My research and teaching interests include Eighteenth and Nineteenth Century French Literature and esthetics, especially theories of theatrical and artistic representation (mimesis). My research focuses on the writings of Denis Diderot in the Eighteenth Century, and the Nineteenth Century novel. I have a doctorate in French Literature from the University of Washington, and a Master’s Degree in French Literature and Civilization from the University of Cincinnati. I also hold an undergraduate degree in Education from Otterbein College, as well as a Supervisor’s Certificate in secondary Foreign Language Education.
My approach to literary studies is multidisciplinary: philosophical, anthropological, artistic and psychoanalytical.

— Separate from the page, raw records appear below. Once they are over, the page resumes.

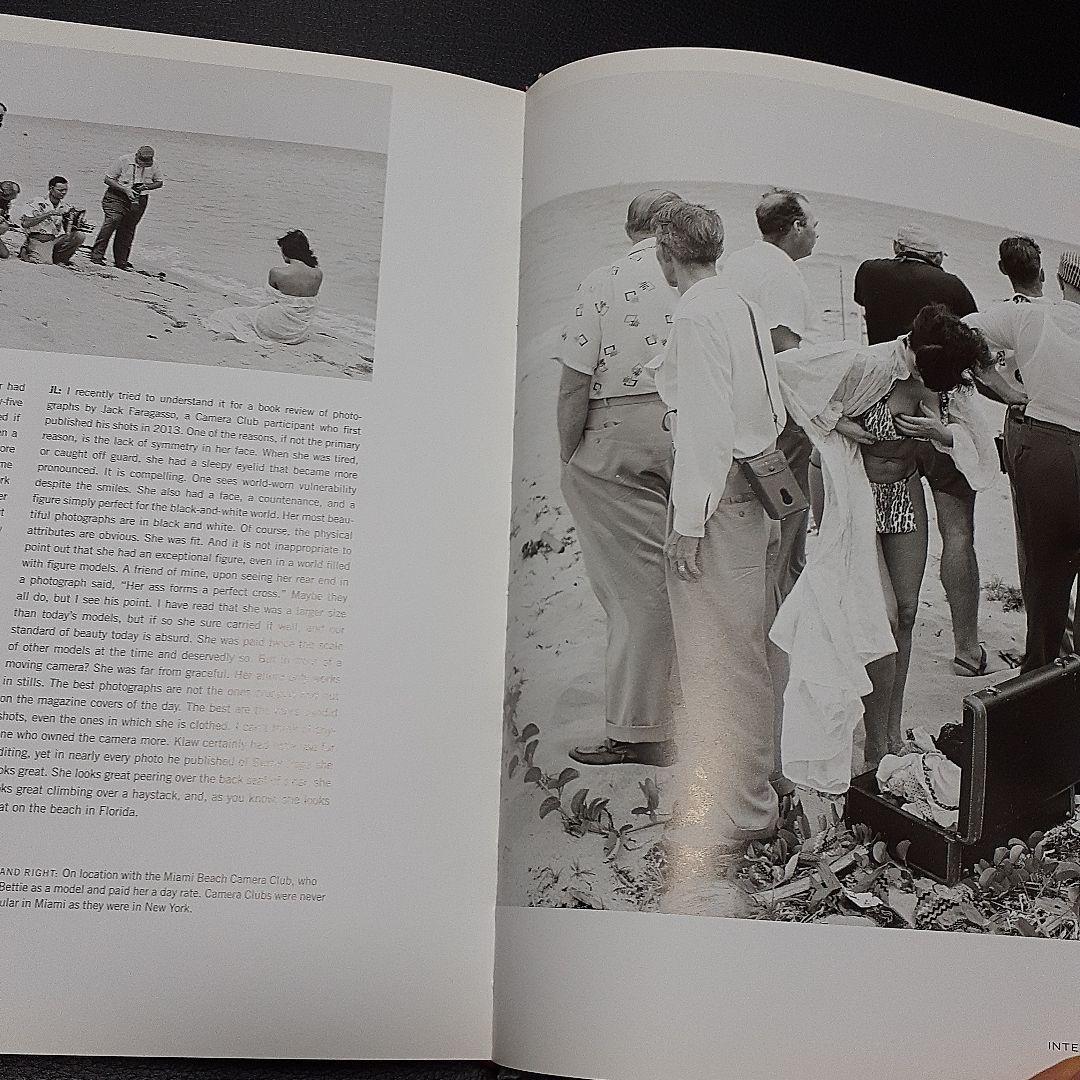 Bettie Page: Queen of Curves ベティペイジ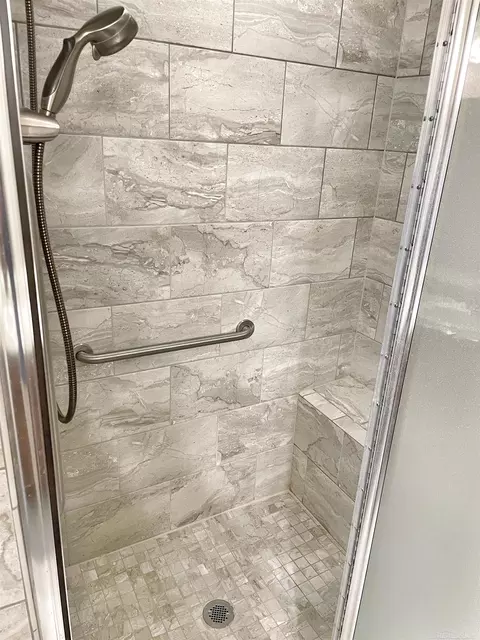 Bath - 20852 Belclare, Macomb, MI 48044 photo 3 of 4
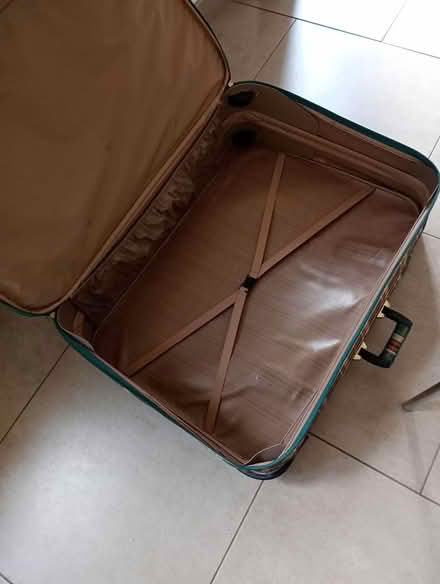 Photo of free Large suitcase (Prestwood HP16) #2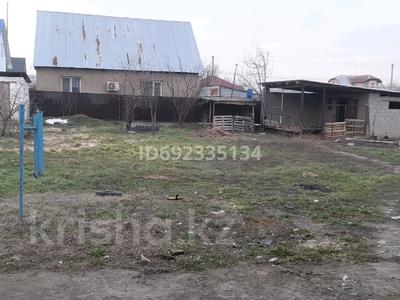 Продажа домов и дачи в Алматинской обл.: Отдельный дом · 5 комнат · 120 м² · 10 сот., Мұқанова 11 за 40 млн 〒 Отдельный дом · 5 комнат · 120 м² · 10 сот., Мұқанова 11 за 40 млн 〒 в Казцик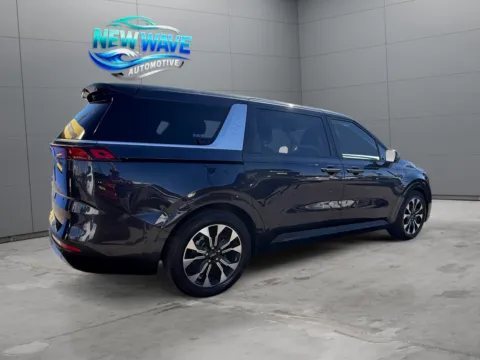 More photos of 2022 Kia Carnival MPV EX at New Wave Automotive, CO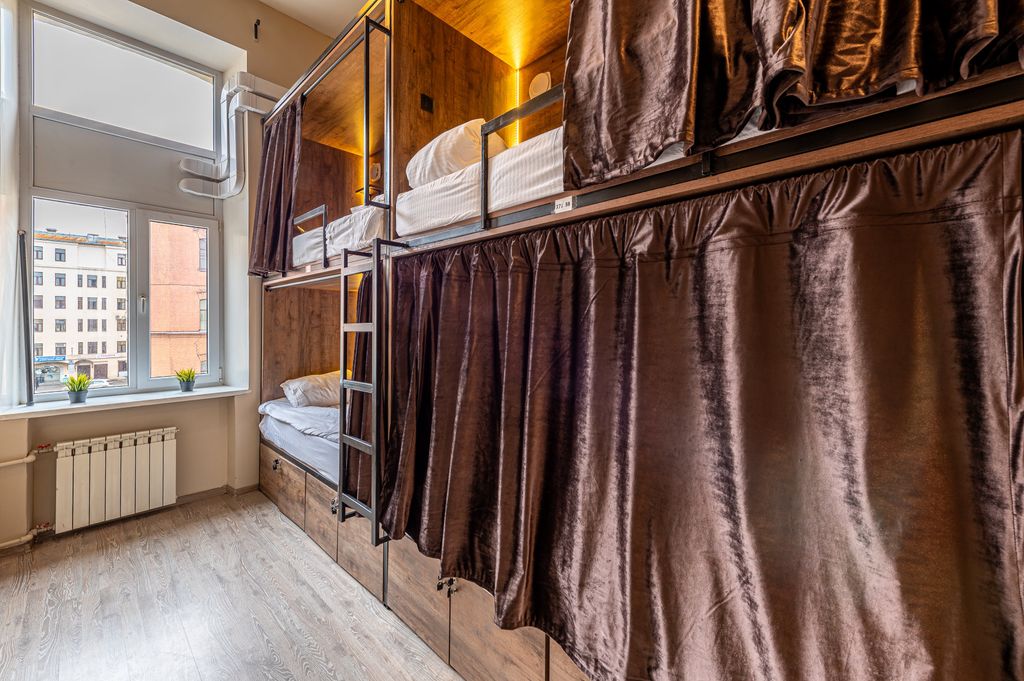 Многоместный смешанный номер капсула в общем номере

In my book, The Function of the Dream and the Body in Diderot’s Works (June, 2004, Peter Lang), I argue that the body’s visual transmission of meaning, such as gestures and other nonverbal expressions, communicates more efficiently and spontaneously than the mediated spoken word. More specifically, I explore the capabilities of the body’s “painted” nonverbal communication to convey thought, especially the body as portrayed artistically in literature through the concept of the tableau vivant: in effect, a literary painting in which the narrator portrays the characters as if suspended in a state of oscillation between paralysis and movement. Because the subject of the tableau vivant resembles the subject of the dream in many aspects, I begin my book with an investigation of the possibility of analyzing the body’s representation based on Freud’s theories of dream interpretation. My second book project involves a detailed study of Diderot’s novel Les Bijoux indiscrets, a text often diminished by scholars as simply a frivolous satire of the court of Louis XV.
Finally, I very much enjoy teaching French and Francophone language, literature and culture, and I have extensive teaching experience at various universities. I also taught high school French and English before attending graduate school.